My memory of the north ridge route on Opoca was that it was just a scramble so Doug and I headed out for a visit. The Elpoca Viewpoint road is blocked with a gate and the area to the south has been closed for sometime due to bears. We followed a long road beyond the gate, passed several piles of bear scat, looped back to the picnic area below the falls, and then hit the bush on a good trail. This soon deteriorated after what we presumed, was a branch to the Opal Falls lookout, and we entered steep terrain heading up to some dark cliffs. These cliffs are composed of very solid rock, unlike the usual fractured, lighter colored rock typical of the Opals. If these dark cliffs were located closer to the road they'd sport all sorts of rock routes. We chose a steep gully splitting the cliffs and thrutched our way up. It was not pleasant, although the views back west were nice. Part way up, sweat dripping in my eyes, I disturbed a wasp nest and suddenly dozens of them were swarming. Fatigue forgotten, I put it in overdrive to get out of there but suffered a couple stings on my bare thigh. I employed some mud first aid treatment higher up. Other flying aggravation included lots of skeeters and many, always annoying, horse flies. Since they react slowly, despite Park admonitions not to disturb the wildlife, I diminished their population throughout the day, including several ski pole hits.
In the ascent gully.
At the top there was an open forested plateau with moss and flowers with a good look at the north ridge on Gap Mountain.

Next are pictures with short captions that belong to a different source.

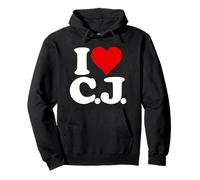 I LOVE HEART C.J. CJ C J INITALS MONOGRAM NAME NICKNAME Pullover Hoodie
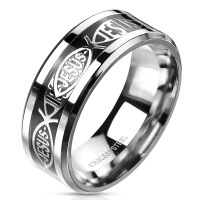 64 (20.4) Ring Jesus Fisch schwarz/silber aus Edelstahl Unisex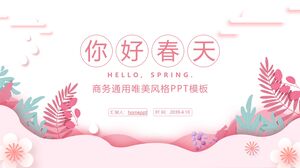 Scarica il modello PPT universale aziendale "Ciao primavera" con bellissimi fiori rosa ed erba
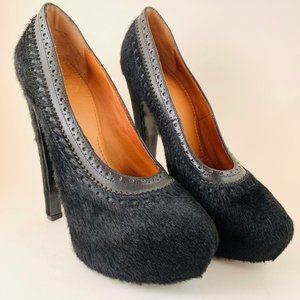 Givenchy Black Pony Brogue Platform Pumps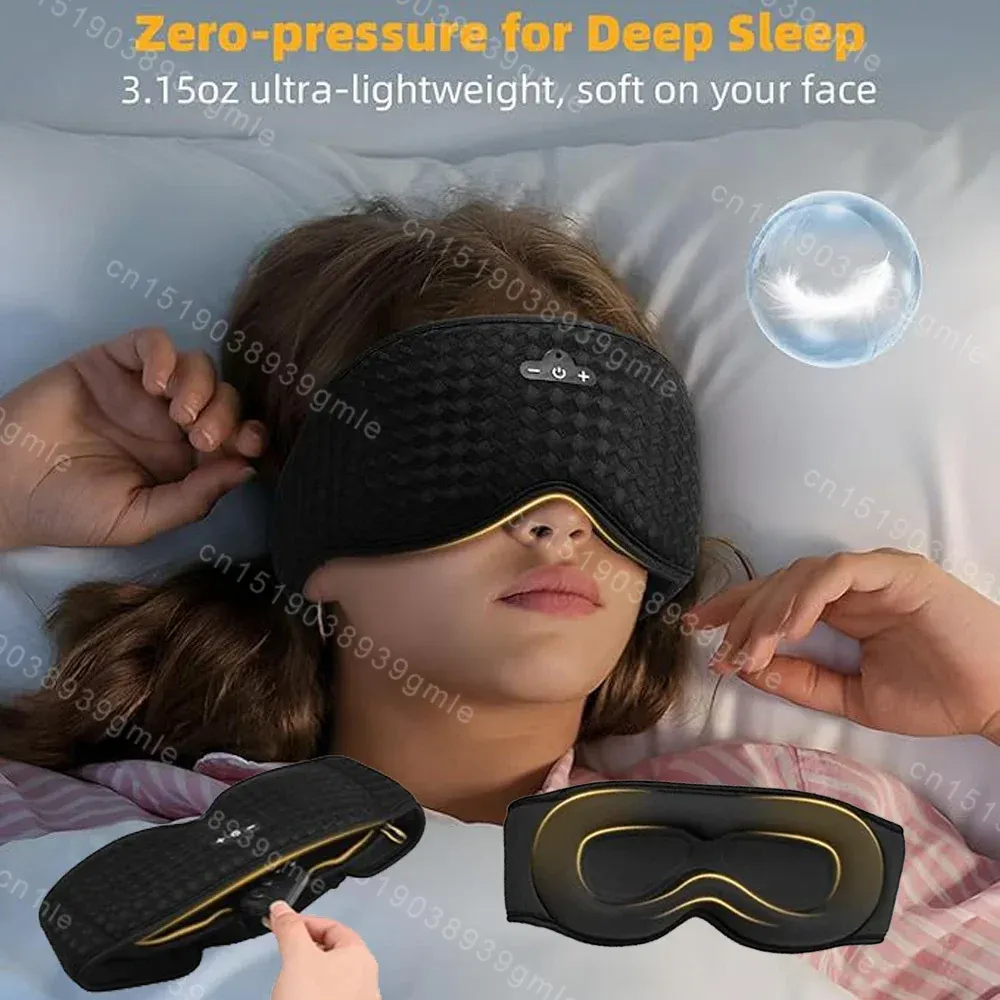 Masque de sommeil 3D Bluetooth avec écouteurs sans fil, bandeau élastique respirant bloquant la lumière, pour le voyage et le sommeil 2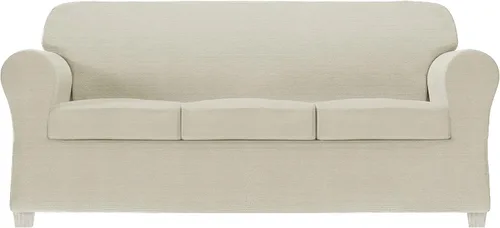 Vista 23 de Zenna Home Funda elástica de felpilla para sofá, color marfil/hueso, 1 pieza, suave y elástica para sofás, tela resistente a las arrugas, fácil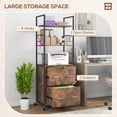thumbnail image 4 of DeeHome Vinsetto 2 Drawer Mobile File Cabinet with Lock & Hanging Bar, Rustic Brown, 4 of 9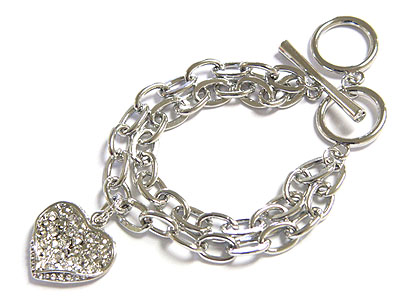 Multi row chain and crysatl heart dangle toggle bracelet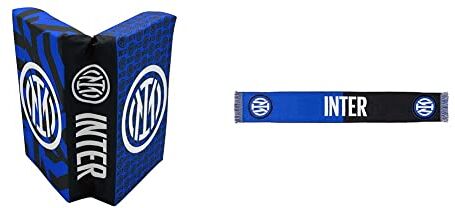 Inter Cuscino a Libro da Stadio Nuovo, Diverse Colorazioni, Unisex-Adulto & Sciarpa Nuovo Logo Jaquard, Diverse Colorazioni, Stadio Unisex-Adulto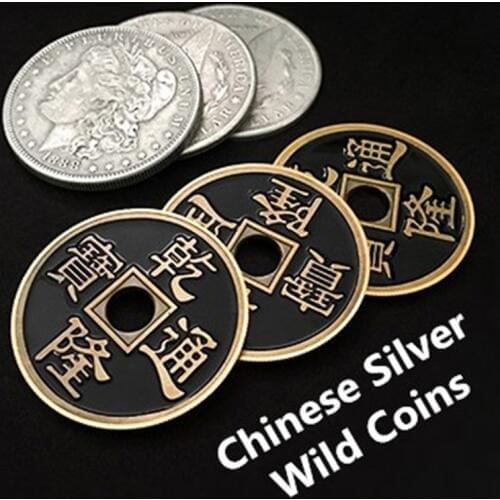 Chinese Silver Wild Coins Magic Tricks Three To One Coin Change Magia Close Up Illusions Gimmick Prop Appear Vanish FISM Hot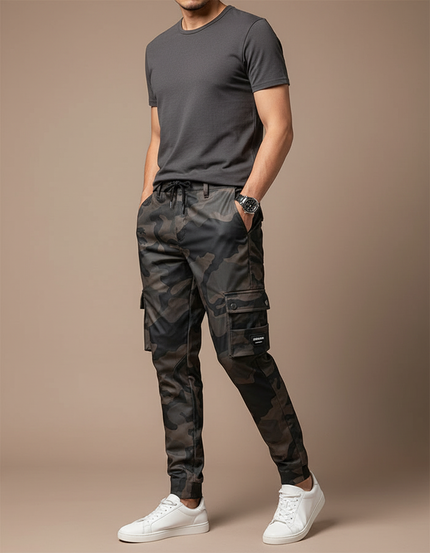 Pantalon Cargo Camouflage Homme Slim Militaire Jogger - Multicolore Polyester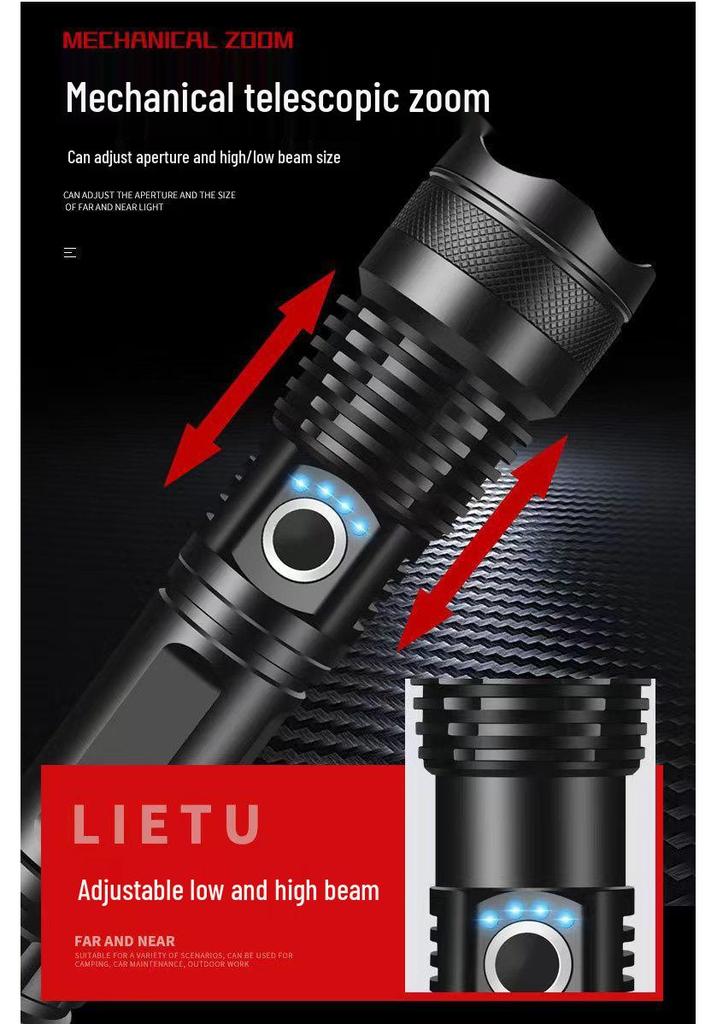 P50 Flashlight: Powerful LED, USB Rechargeable, Power Display, Zoom & Spotlight Functions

Gap Mountain. Doug and I climbed this ridge (hard 5.5) in '86.
We found another animal trail that headed up, high on the Opoca side above Opal Creek with a great view of the south ridge on Mount Wintour.
This trail made a rising traverse through rock and small trees below the imposing cliffs above.
Trail crew at work.
We came on a small herd of sheep and soon after reached a spot where the projected scramble through cliffs and rubble led us to call "Time". We didn't round the north end of Opoca enough to give a glimpse of the route I must have taken. All we could see was very steep cliffs above the rubble.
I'm thinking I must have come up on the north side of Opal Creek which would have given a more expansive view of a potential route to the top of the north ridge.
Retracing our steps we chose a different gully down through the dark cliff band which offered more scree trundle options.
Coming down the descent gully.
From above we could see that a short descent through the bush, straight down from the picnic site, would intersect the approach road and cut off the loop and long road trudge. Compared to last weekend's bush fest, this was easy, and we were soon back at the cars.